Per quanto riguarda il secondo motivo, relativo alle esigenze cautelari, la Cassazione ha ribadito che anche questa valutazione è un giudizio di merito. La motivazione del Tribunale è stata ritenuta adeguata, poiché ha ancorato il pericolo di reiterazione del reato a circostanze di fatto specifiche e concrete. Il ritrovamento di armi, esplosivi e denaro ha delineato un quadro di elevata pericolosità, rendendo la misura applicata proporzionata e necessaria per fronteggiare l’attualità del rischio criminale. La Corte ha concluso che la disponibilità di tali mezzi rendeva altamente probabile la ripetizione di delitti della stessa specie.
Le conclusioni
La sentenza conferma un principio consolidato: ai fini della sussistenza dei gravi indizi spaccio per l’applicazione di misure cautelari, il giudice deve compiere una valutazione complessiva di tutti gli elementi a disposizione. La quantità e la diversità della droga, la presenza di strumenti come bilancini di precisione e, soprattutto, il contesto in cui avviene il ritrovamento, sono tutti fattori determinanti. La giustificazione dell’uso personale o terapeutico, per essere credibile, deve essere supportata da prove concrete e non può prevalere su un quadro indiziario solido e convergente. Infine, la scelta della misura cautelare deve essere proporzionata non solo al fatto contestato, ma anche alla pericolosità sociale del soggetto, desumibile da elementi oggettivi come il collegamento con ambienti criminali e la disponibilità di armi.

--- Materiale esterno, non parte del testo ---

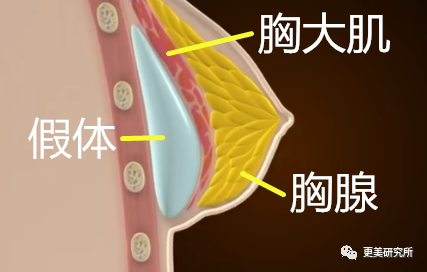继宋祖儿催吐疤痕都露出后，泫雅热巴的尤物身材是这样来的？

Quali elementi costituiscono gravi indizi di spaccio secondo la Cassazione?
Non basta un singolo elemento. La Corte valuta un insieme di fattori: il consistente quantitativo di stupefacente, la diversità delle sostanze detenute (nel caso di specie, cocaina e marijuana) e il rinvenimento di strumenti come un bilancino di precisione. L’assenza di materiale per il confezionamento non è, da sola, sufficiente a escludere lo spaccio.
La giustificazione dell’uso terapeutico può escludere l’accusa di spaccio?

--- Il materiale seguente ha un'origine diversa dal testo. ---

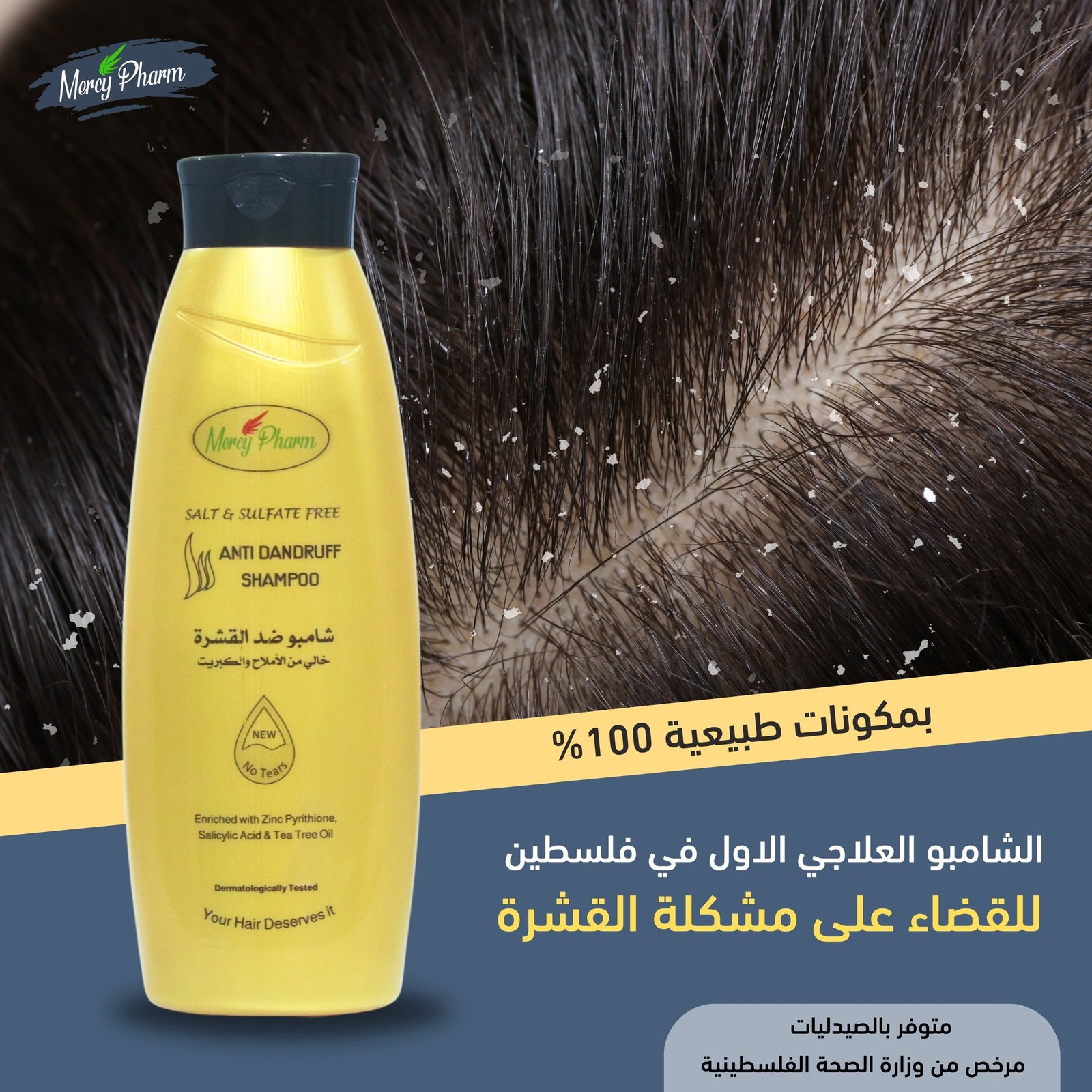 Anti Dandruff Shampoo | Mercy Pharm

No, se non è adeguatamente provata. Secondo la sentenza, l’affermazione di assumere stupefacenti per scopi terapeutici deve essere supportata da documentazione sanitaria specifica e credibile. In assenza di tale prova, e di fronte a un quadro indiziario solido, la finalità di spaccio può essere comunque presunta.
Come viene valutato il pericolo di reiterazione del reato per applicare una misura cautelare?
Il pericolo deve essere concreto e attuale. La Corte ha ritenuto adeguata la misura cautelare non solo sulla base della droga trovata, ma anche considerando il contesto generale. Il rinvenimento, nella stessa area abitativa, di armi, esplosivi e una significativa somma di denaro è stato considerato un indicatore di collegamento con ambienti criminali e di un’elevata potenzialità di commettere altri reati, giustificando così una misura restrittiva.